The most common way many investors think about diversification is by asset class. This method of limiting unsystemic risk is common, but it's not the only way to diversify your portfolio.

For example, let's assume that in 2006 an investor owned some stock in Lehman Brothers and owned some corporate Lehman Brothers bonds. The investor assumed he was diversified since he owned stocks and bonds.

But when Lehman Brothers went bankrupt, it suddenly became obvious that he wasn't as diversified as he could have been. Owning stocks and bonds in the same company meant that he was exposed to a significant amount of company risk, and he paid dearly for that oversight.

Diversification goes beyond company risk, too.

The underlying risk of an investment may be a particular company, such as Lehman Brothers, but it could also be inflation, interest rates or a fund manager's skill. These kinds of "hidden" correlations are sometimes difficult to spot, but all are critical when constructing a diversified portfolio.

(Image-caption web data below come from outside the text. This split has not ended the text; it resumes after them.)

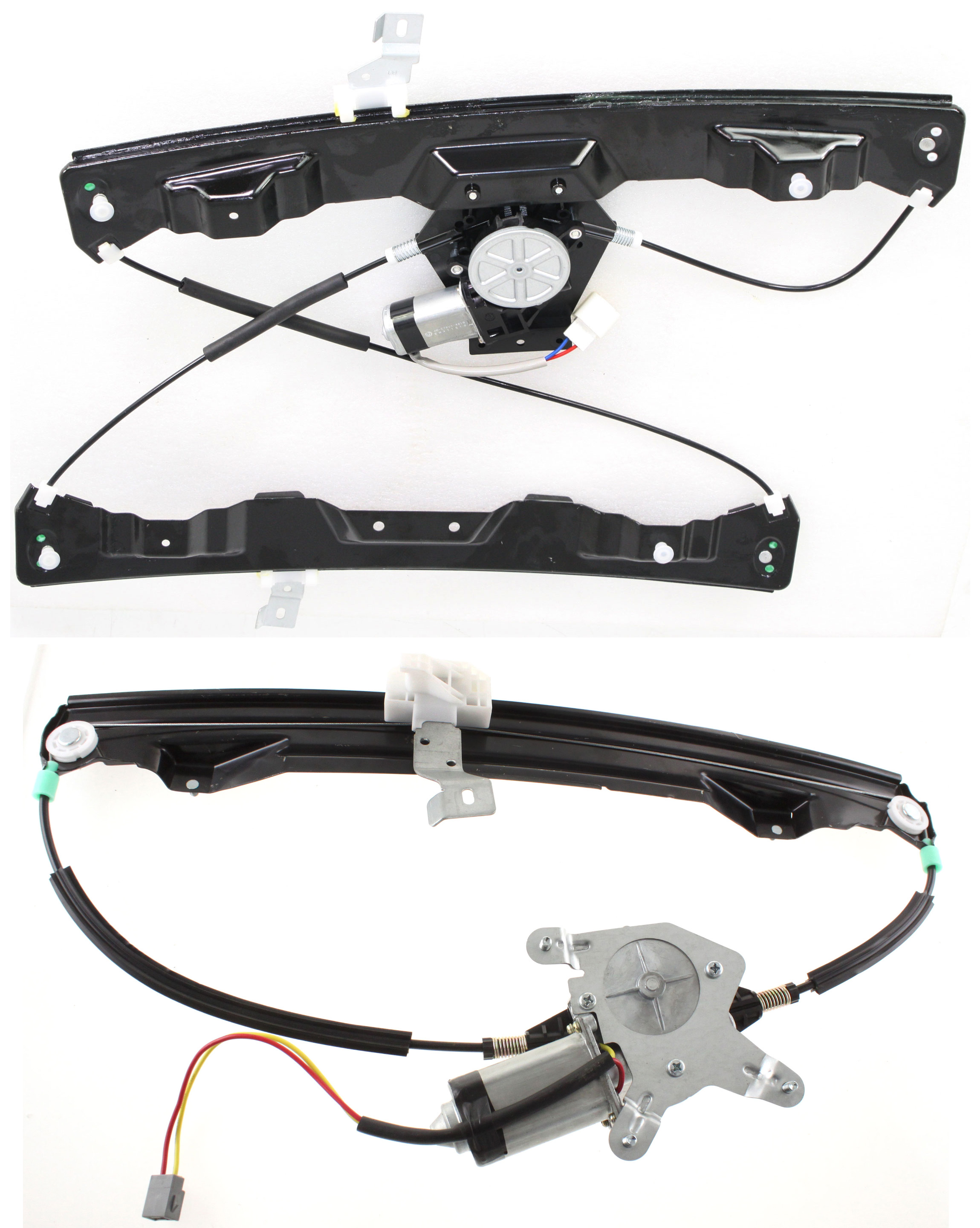 AM MOUNTAINEER 02-09 FRONT AND REAR WINDOW REGULATOR LH Power w Motor SKU SET REPF462930-2L Partslink FO1350141 FO1550118 OEM 6L2Z7823201BA 6L2Z7827001BA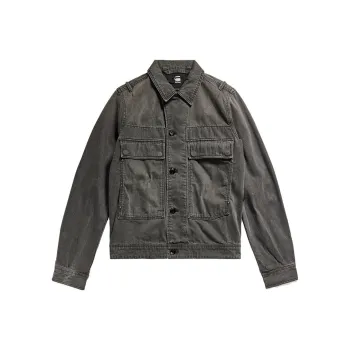 G STAR RAW Denim Jackets Unisex Gray Black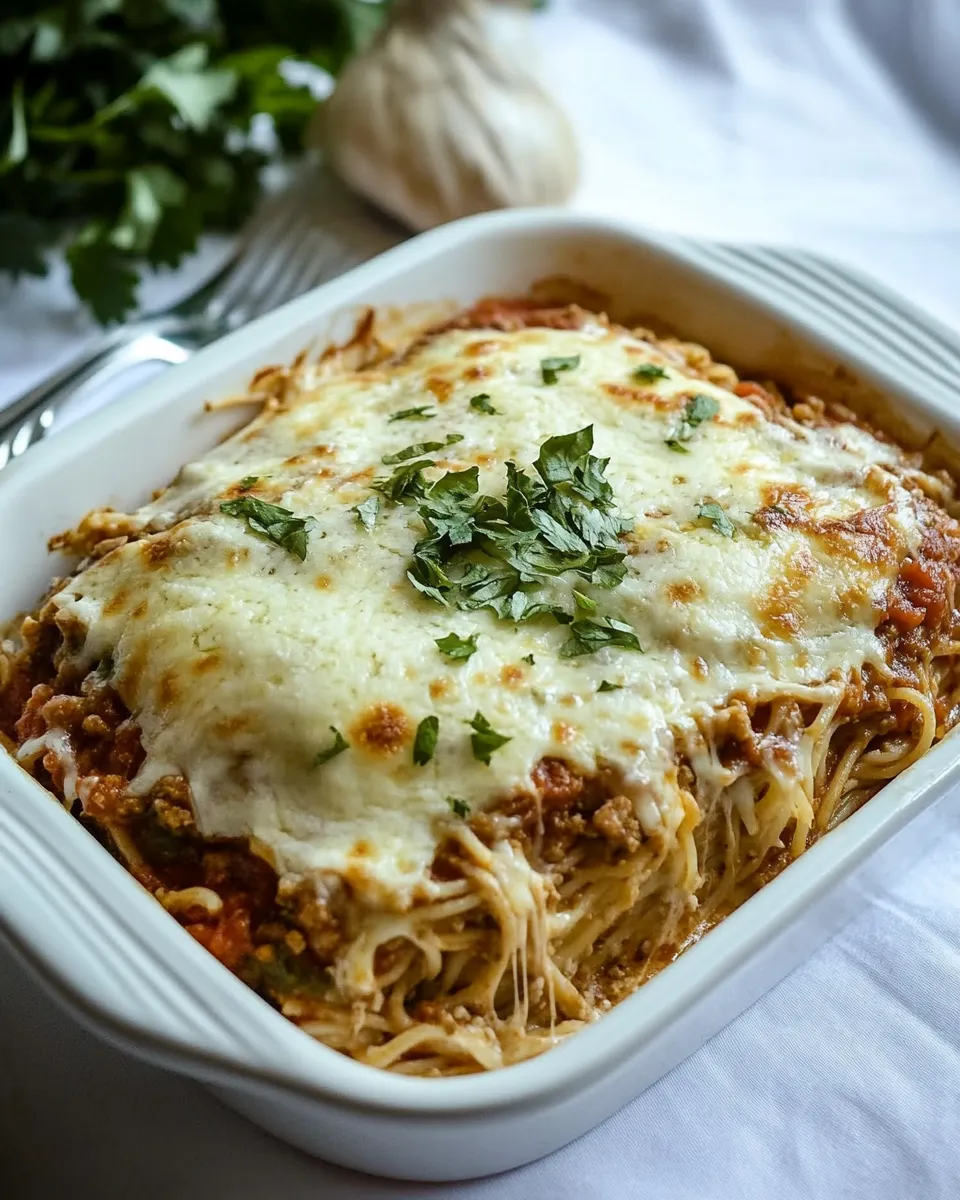 Easy Meatless Spaghetti Pie recipe photo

If you haven't assessed your fundamental risk exposure, be sure to ask your advisor if they've considered the risk factors at play in your portfolio.

The purpose of diversification is not to make a bulletproof portfolio; because of systemic market risk, that's essentially impossible. But proper diversification that goes beyond asset classes can help with unsystemic risk, and we believe it's likely your best investment strategy option. It can potentially help insulate you from downside volatility and it can help you participate in upswings-and those two objectives combined may not only help boost your risk-adjusted rate of return, but may also reduce financial-related stress overall.

There is no guarantee that a diversified portfolio will enhance overall returns or outperform a non-diversified portfolio. Diversification does not protect against market risk.